Work to complete: Retype, exactly as they appear below, the lines between the line holding "Armor of Shadows" and the line holding "CYMA KAC Style", both ends included.

Material shown:
• • • •

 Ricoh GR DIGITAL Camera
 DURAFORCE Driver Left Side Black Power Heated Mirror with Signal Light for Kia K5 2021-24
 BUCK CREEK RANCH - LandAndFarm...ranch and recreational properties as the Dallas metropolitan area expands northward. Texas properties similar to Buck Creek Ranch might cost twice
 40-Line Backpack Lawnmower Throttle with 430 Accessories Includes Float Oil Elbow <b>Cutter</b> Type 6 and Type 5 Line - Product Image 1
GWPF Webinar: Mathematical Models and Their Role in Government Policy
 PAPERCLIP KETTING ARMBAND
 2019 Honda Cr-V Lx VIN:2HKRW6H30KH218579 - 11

• • • •

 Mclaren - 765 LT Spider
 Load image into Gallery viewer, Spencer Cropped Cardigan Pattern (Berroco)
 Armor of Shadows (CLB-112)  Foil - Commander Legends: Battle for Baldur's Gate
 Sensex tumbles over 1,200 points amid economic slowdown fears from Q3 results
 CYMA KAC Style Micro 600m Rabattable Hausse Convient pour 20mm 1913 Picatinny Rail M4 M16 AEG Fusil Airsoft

• • • •

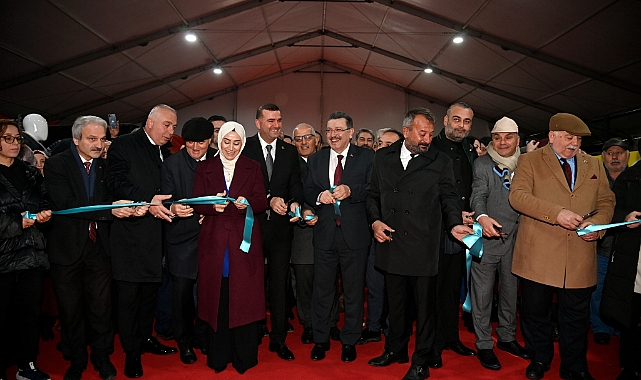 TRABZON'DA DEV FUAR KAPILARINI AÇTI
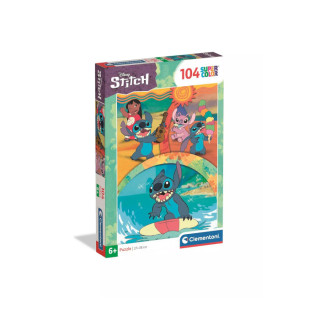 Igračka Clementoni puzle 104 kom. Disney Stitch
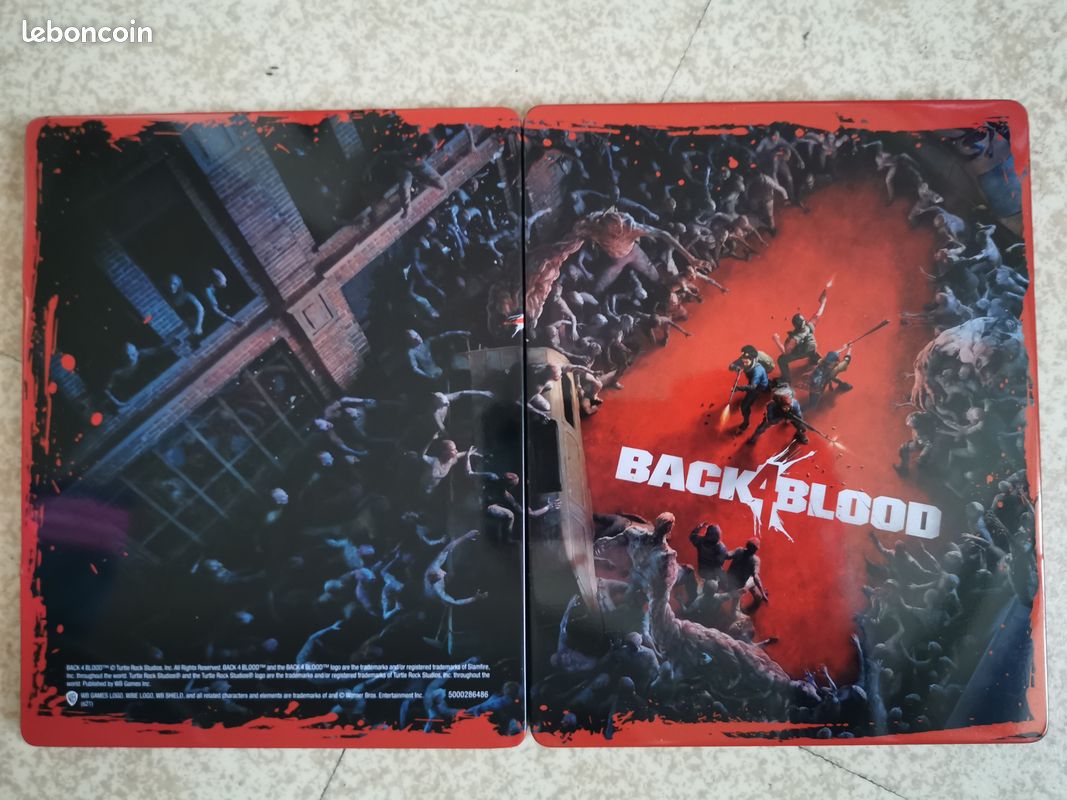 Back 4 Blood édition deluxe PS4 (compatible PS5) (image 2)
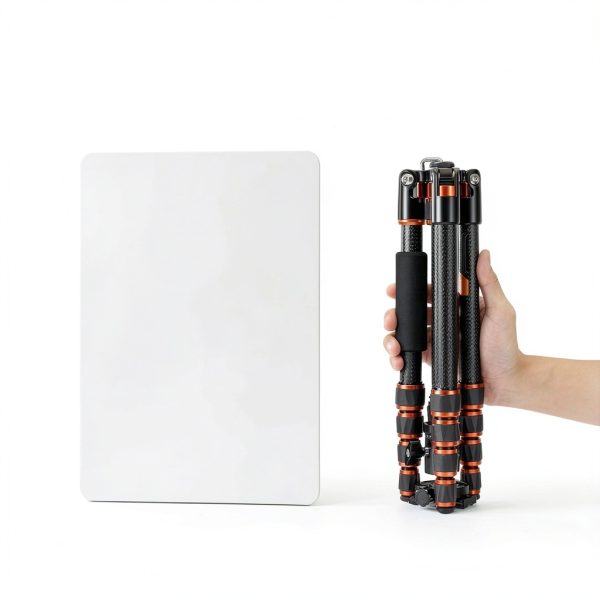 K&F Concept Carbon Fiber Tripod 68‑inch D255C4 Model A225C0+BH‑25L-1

• • • •

Exercise solution:
 Armor of Shadows (CLB-112)  Foil - Commander Legends: Battle for Baldur's Gate
 Sensex tumbles over 1,200 points amid economic slowdown fears from Q3 results
 CYMA KAC Style Micro 600m Rabattable Hausse Convient pour 20mm 1913 Picatinny Rail M4 M16 AEG Fusil Airsoft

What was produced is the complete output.